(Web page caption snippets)
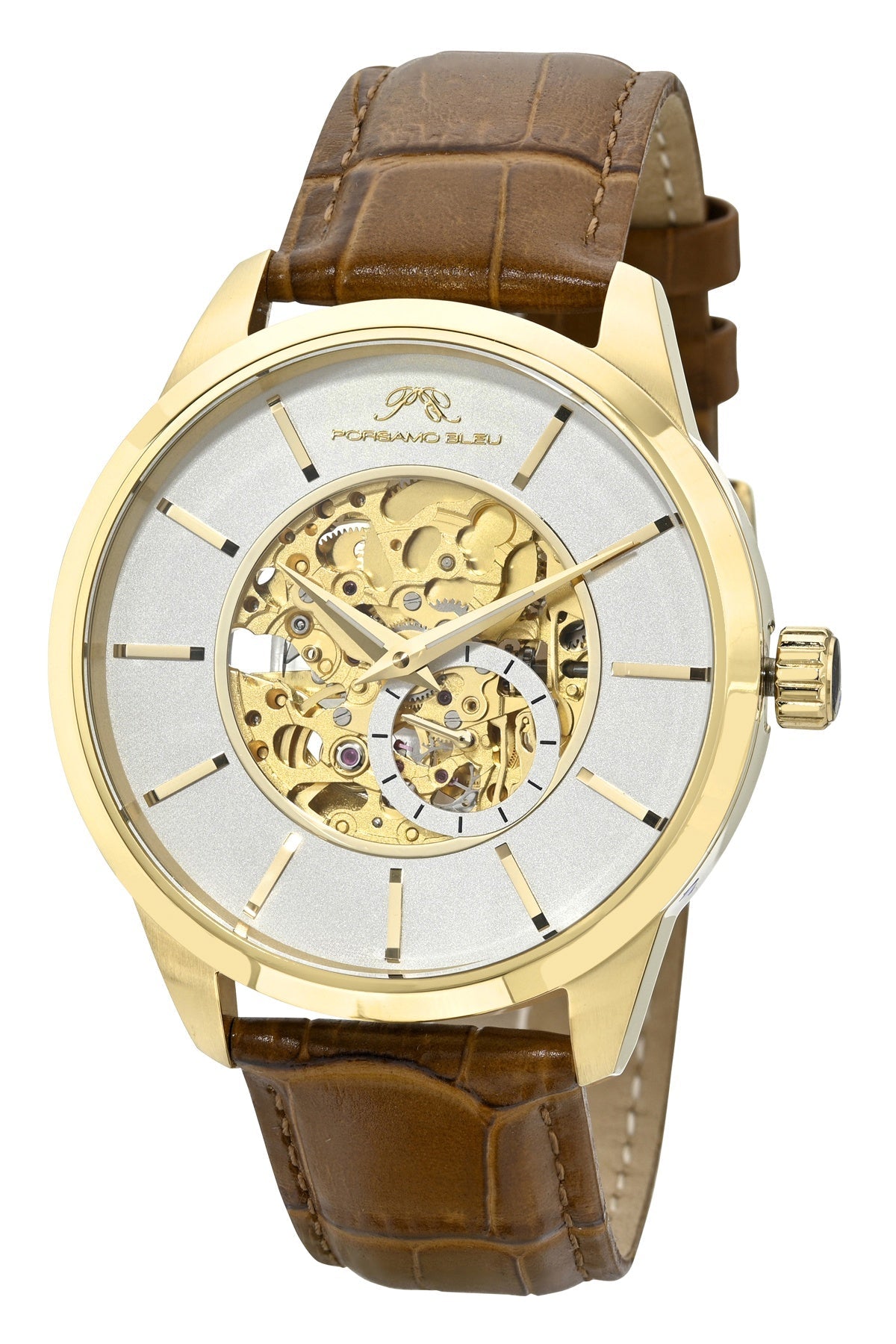 Porsamo Bleu Men's Cassius Automatic Gold Tone & Brown Watch 802FCAL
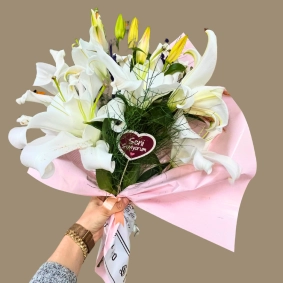 Beyaz Lilyum Buketi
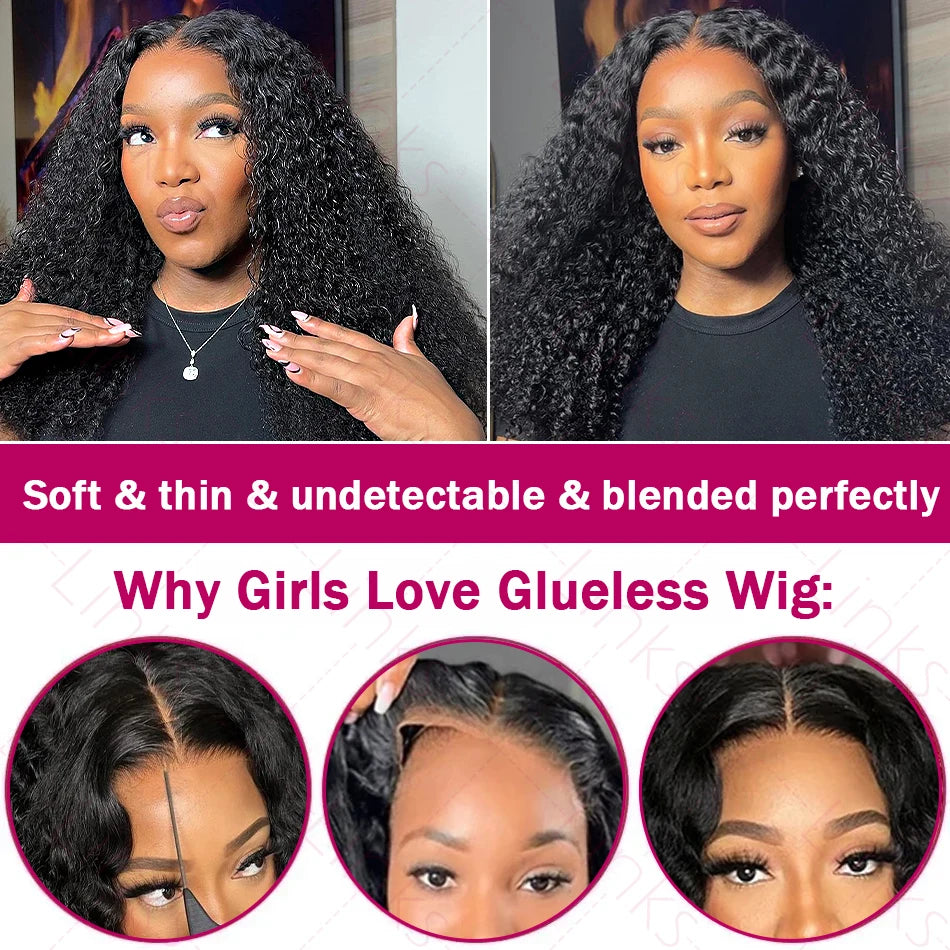 Maxy Deep Wave Glueless Wigs Human Hair Pre Plucked Pre Cut 5x5 4x4 Wigs Curly Lace Wigs Human Hair 250 Density Wet And Wavy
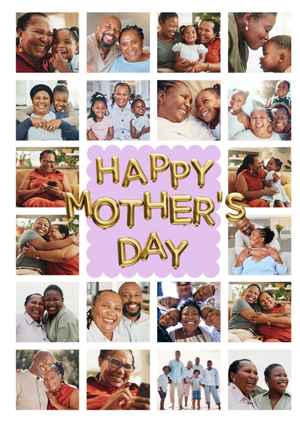 Gold Balloon Lettering Photo Upload Mother's Day Card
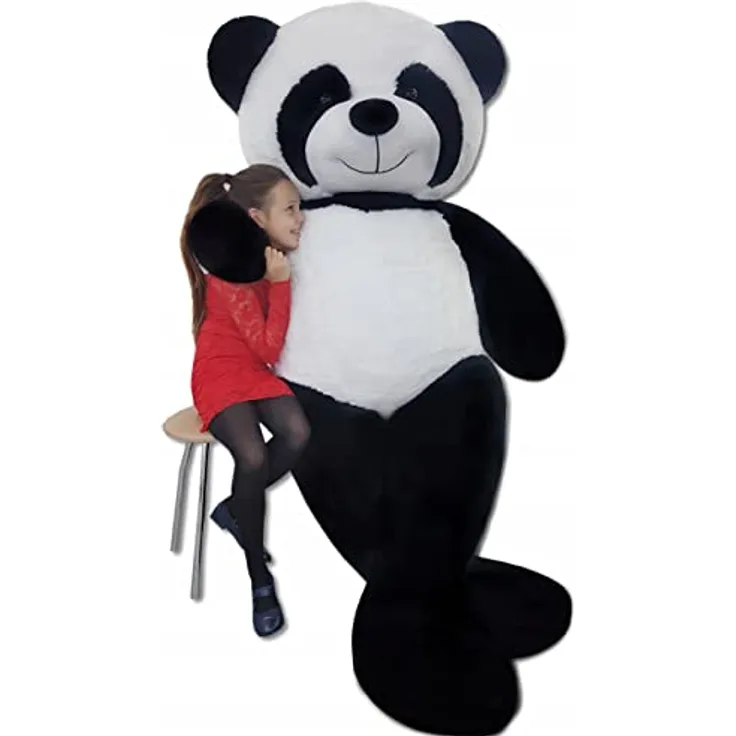 Odolplusz XXL Panda 220 cm groß Stofftier Plüschtier Kuscheltier Teddybär, exquisite Verarbeitung, Angenehm weich und kuschelig,Qualität und Zuverlässigkeit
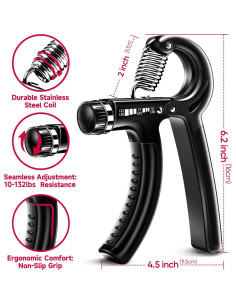 Fortalecedor de Agarre FitBeast - Resistencia Ajustable 4,54-59,87 kg 2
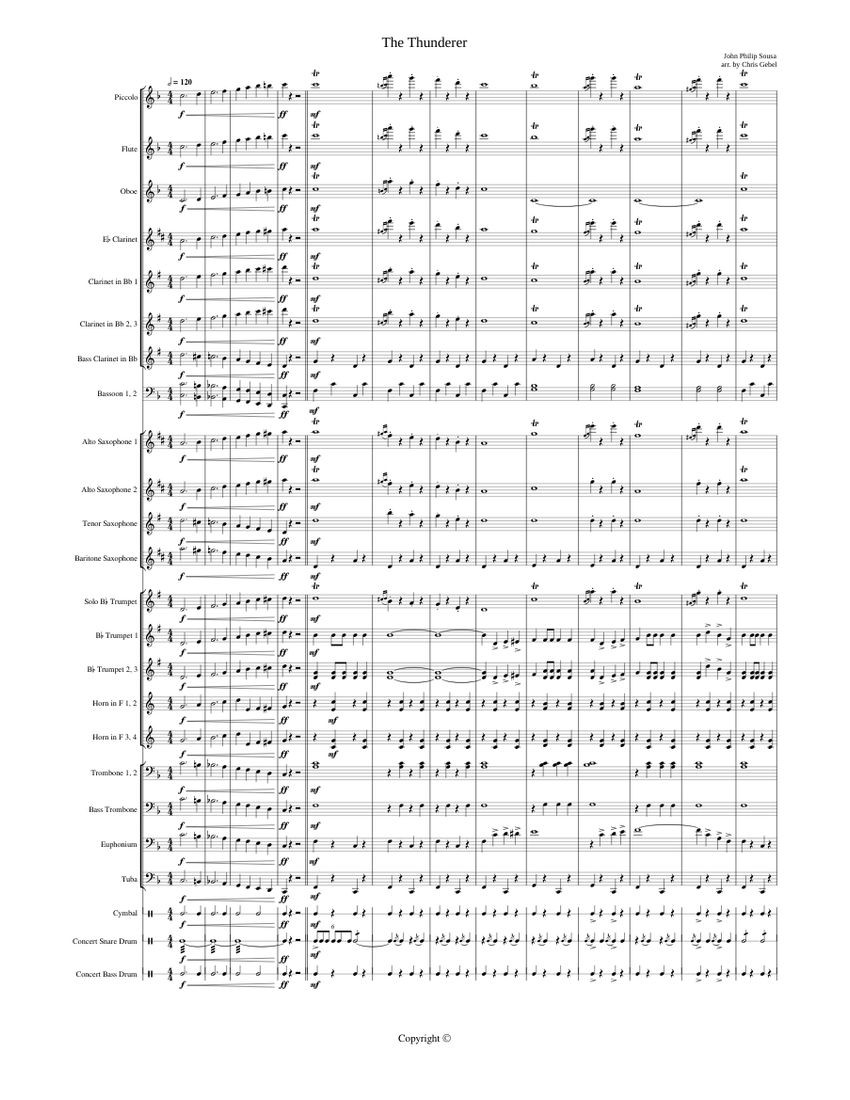 The Thunderer Sheet Music for Euphonium, Tuba, Trombone
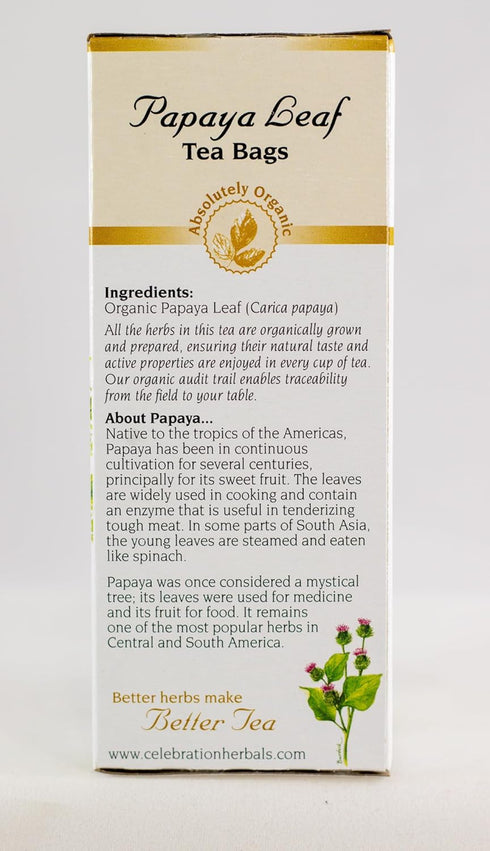 Celebration Herbals Papaya Leaf, Caffeine Free, 1.33 oz/38g, 24 Tea Bags...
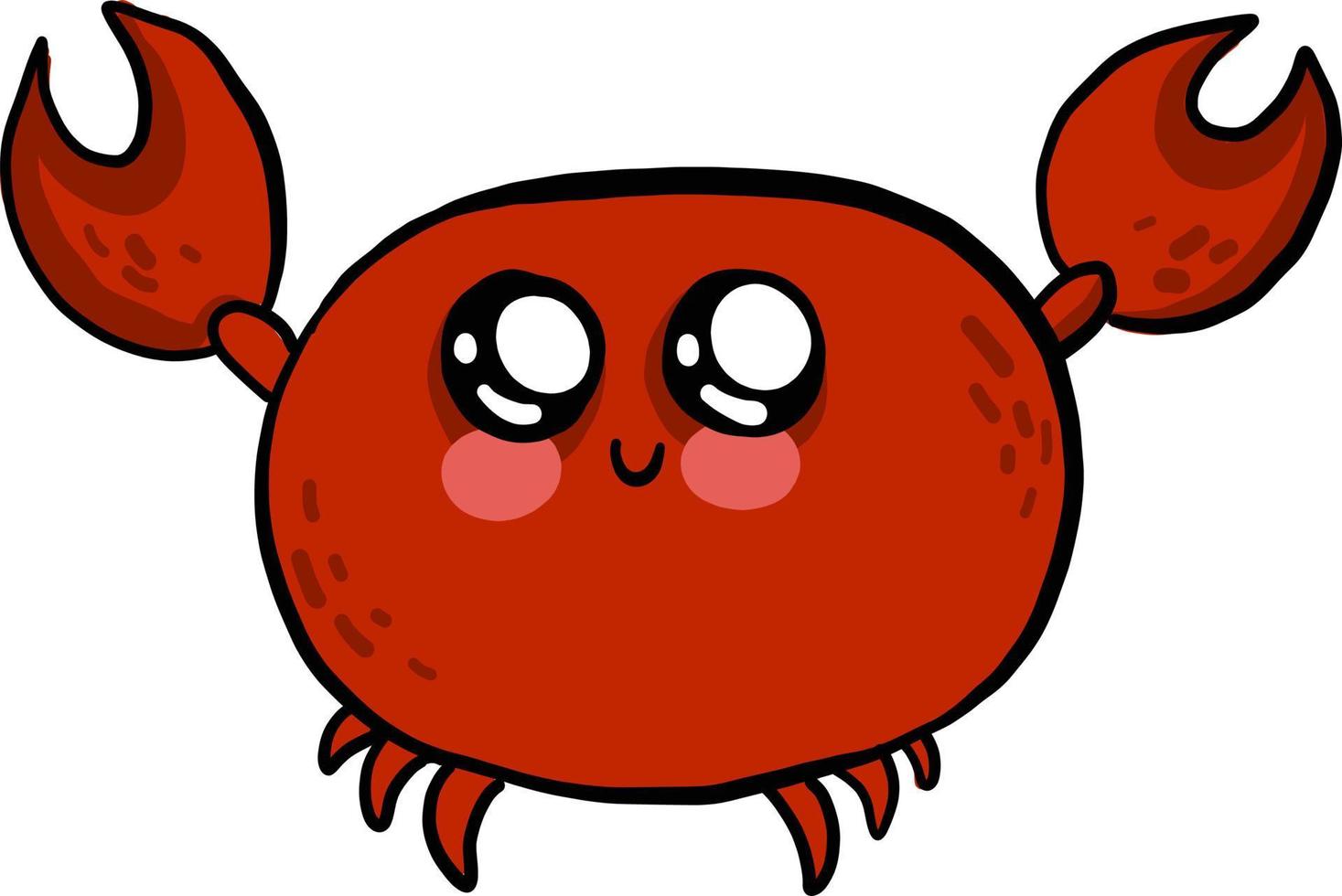 Red crab with cute eyes, illustration, vector on white background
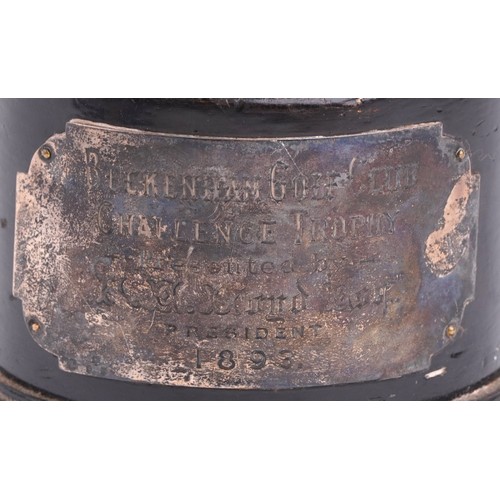 30 - A good Victorian silver figural trophy in the form of a male golfer in mid swing, raised on an eboni... 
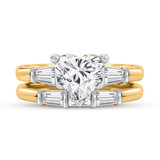 Photo of Canna 2 3/4 ct tw. Lab Grown Diamond Heart Solitaire Bridal Set 14K Yellow Gold [BR2115Y-W195]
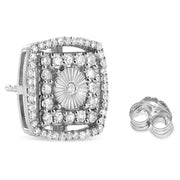Bids.com .925 Sterling Silver 1.0 Cttw Round Diamond Double Halo and Disc Stud Earring (I-J Color, I2-I3 Clarity) Earrings White Smoke White.Sterling Silver / 1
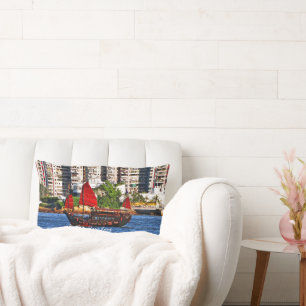 Hong Kong Sampan The Pearl of the Orient Lumbar Pillow
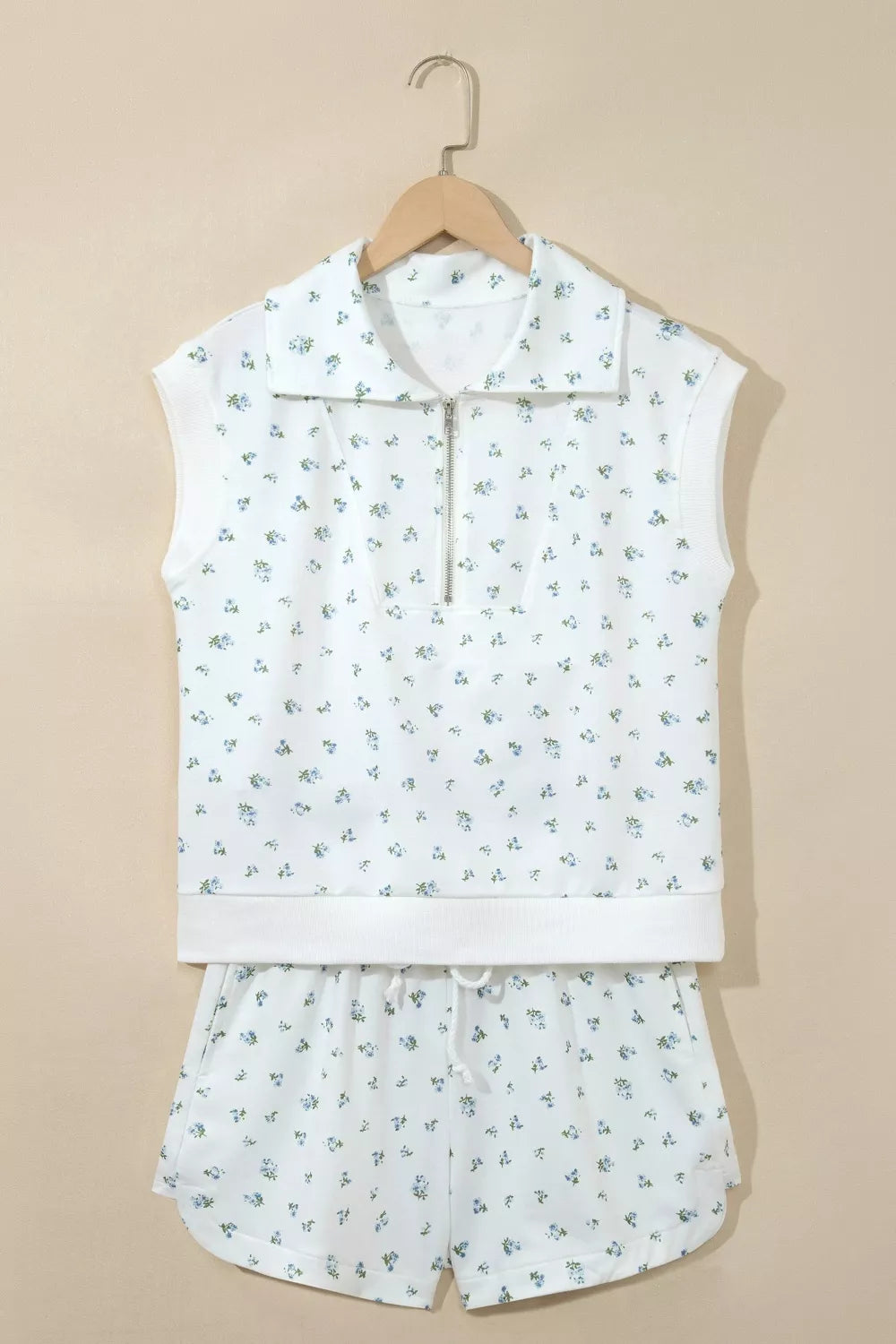 Floral Print Half Zip Top Matching Short Set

> _THE TASK_
Verbatim copy, images excluded: transcribe all the entries above.

> _TASK RESPONSE_
 Porsamo Bleu Men's Cassius Automatic Gold Tone & Brown Watch 802FCAL
 Beyaz Lilyum Buketi
 Maxy Deep Wave Glueless Wigs Human Hair Pre Plucked Pre Cut 5x5 4x4 Wigs Curly Lace Wigs Human Hair 250 Density Wet And Wavy
 Gold Balloon Lettering Photo Upload Mother's Day Card
 Odolplusz XXL Panda 220 cm groß Stofftier Plüschtier Kuscheltier Teddybär, exquisite Verarbeitung, Angenehm weich und kuschelig,Qualität und Zuverlässigkeit
 Fortalecedor de Agarre FitBeast - Resistencia Ajustable 4,54-59,87 kg 2
 The Thunderer Sheet Music for Euphonium, Tuba, Trombone
 Celebration Herbals Papaya Leaf, Caffeine Free, 1.33 oz/38g, 24 Tea Bags...
 Red crab with cute eyes, illustration, vector on white background
 30 - A good Victorian silver figural trophy in the form of a male golfer in mid swing, raised on an eboni... 
 Photo of Canna 2 3/4 ct tw. Lab Grown Diamond Heart Solitaire Bridal Set 14K Yellow Gold [BR2115Y-W195]
Bids.com .925 Sterling Silver 1.0 Cttw Round Diamond Double Halo and Disc Stud Earring (I-J Color, I2-I3 Clarity) Earrings White Smoke White.Sterling Silver / 1
 Hong Kong Sampan The Pearl of the Orient Lumbar Pillow
 Floral Print Half Zip Top Matching Short Set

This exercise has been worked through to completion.